TASK DESCRIPTION
Reproduce exactly the lines below from the one containing "Ferrari FF 2011 – 2016 Хэтчбек 3 дв. — 照片 6" through the one containing "Revesby Heights photo 3", including both, and nothing else.

INFORMATION PROVIDED

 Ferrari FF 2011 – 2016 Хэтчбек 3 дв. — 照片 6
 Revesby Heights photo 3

...

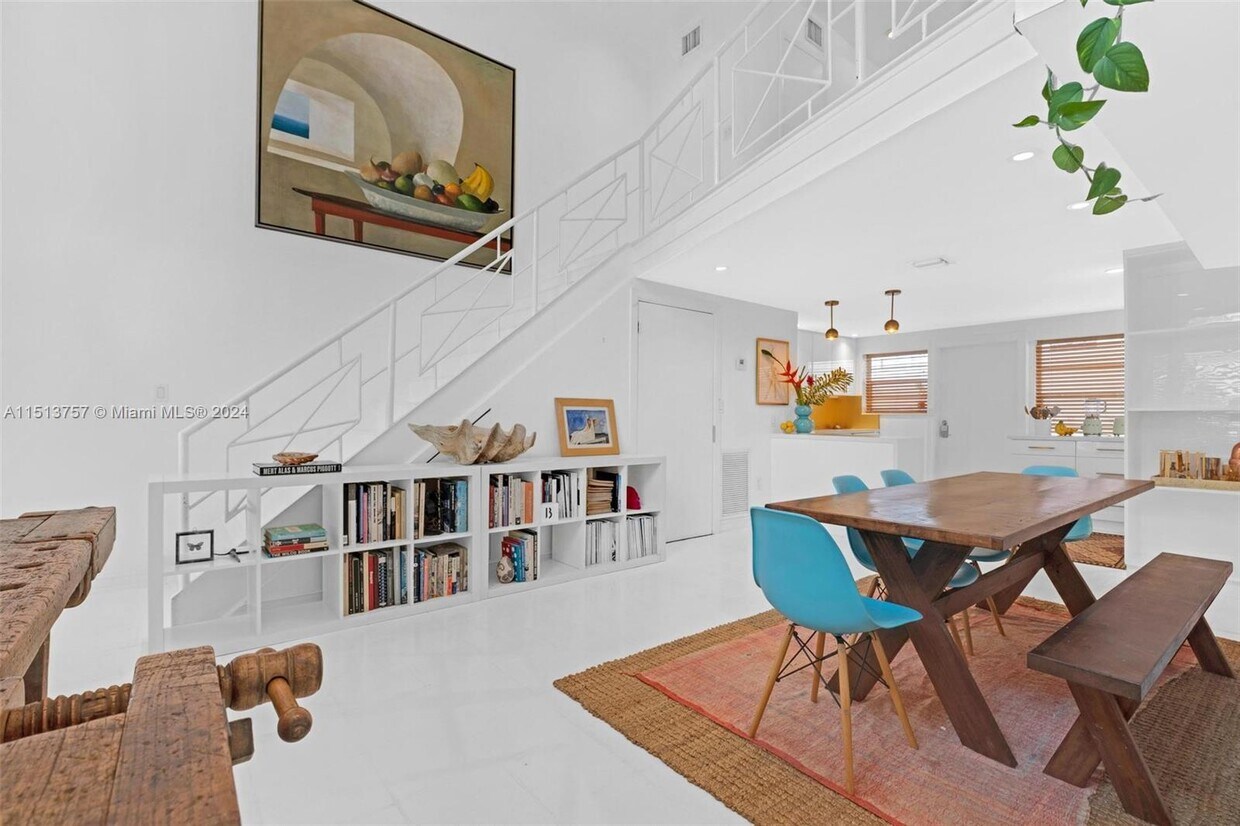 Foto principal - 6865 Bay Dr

REPLY
 Ferrari FF 2011 – 2016 Хэтчбек 3 дв. — 照片 6
 Revesby Heights photo 3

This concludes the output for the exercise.